### Exercise aim
Below are the records; give again exactly the lines that run from the one with "2022 BMW X6 M 8" through the last line.

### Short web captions
Content starts

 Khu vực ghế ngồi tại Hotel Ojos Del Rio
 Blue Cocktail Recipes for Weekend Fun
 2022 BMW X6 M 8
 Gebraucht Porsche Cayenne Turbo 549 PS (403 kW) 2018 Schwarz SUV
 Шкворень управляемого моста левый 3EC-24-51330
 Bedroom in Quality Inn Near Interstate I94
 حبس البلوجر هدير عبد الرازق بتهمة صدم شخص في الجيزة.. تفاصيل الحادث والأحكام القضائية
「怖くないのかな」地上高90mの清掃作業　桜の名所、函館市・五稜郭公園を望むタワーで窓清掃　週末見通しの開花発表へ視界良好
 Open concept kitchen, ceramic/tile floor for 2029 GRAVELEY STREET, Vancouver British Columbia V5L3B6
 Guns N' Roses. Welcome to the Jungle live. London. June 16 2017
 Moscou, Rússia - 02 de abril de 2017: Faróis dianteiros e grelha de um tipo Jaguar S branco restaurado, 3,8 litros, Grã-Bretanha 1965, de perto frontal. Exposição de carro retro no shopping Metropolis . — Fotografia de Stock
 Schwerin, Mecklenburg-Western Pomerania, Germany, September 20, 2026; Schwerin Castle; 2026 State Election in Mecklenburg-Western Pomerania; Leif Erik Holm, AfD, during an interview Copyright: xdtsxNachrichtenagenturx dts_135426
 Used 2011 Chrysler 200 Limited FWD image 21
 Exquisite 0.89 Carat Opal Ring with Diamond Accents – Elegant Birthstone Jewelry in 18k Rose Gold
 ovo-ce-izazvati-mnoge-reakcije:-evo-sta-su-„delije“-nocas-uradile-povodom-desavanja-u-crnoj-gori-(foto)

Content ends

### Reply
 2022 BMW X6 M 8
 Gebraucht Porsche Cayenne Turbo 549 PS (403 kW) 2018 Schwarz SUV
 Шкворень управляемого моста левый 3EC-24-51330
 Bedroom in Quality Inn Near Interstate I94
 حبس البلوجر هدير عبد الرازق بتهمة صدم شخص في الجيزة.. تفاصيل الحادث والأحكام القضائية
「怖くないのかな」地上高90mの清掃作業　桜の名所、函館市・五稜郭公園を望むタワーで窓清掃　週末見通しの開花発表へ視界良好
 Open concept kitchen, ceramic/tile floor for 2029 GRAVELEY STREET, Vancouver British Columbia V5L3B6
 Guns N' Roses. Welcome to the Jungle live. London. June 16 2017
 Moscou, Rússia - 02 de abril de 2017: Faróis dianteiros e grelha de um tipo Jaguar S branco restaurado, 3,8 litros, Grã-Bretanha 1965, de perto frontal. Exposição de carro retro no shopping Metropolis . — Fotografia de Stock
 Schwerin, Mecklenburg-Western Pomerania, Germany, September 20, 2026; Schwerin Castle; 2026 State Election in Mecklenburg-Western Pomerania; Leif Erik Holm, AfD, during an interview Copyright: xdtsxNachrichtenagenturx dts_135426
 Used 2011 Chrysler 200 Limited FWD image 21
 Exquisite 0.89 Carat Opal Ring with Diamond Accents – Elegant Birthstone Jewelry in 18k Rose Gold
 ovo-ce-izazvati-mnoge-reakcije:-evo-sta-su-„delije“-nocas-uradile-povodom-desavanja-u-crnoj-gori-(foto)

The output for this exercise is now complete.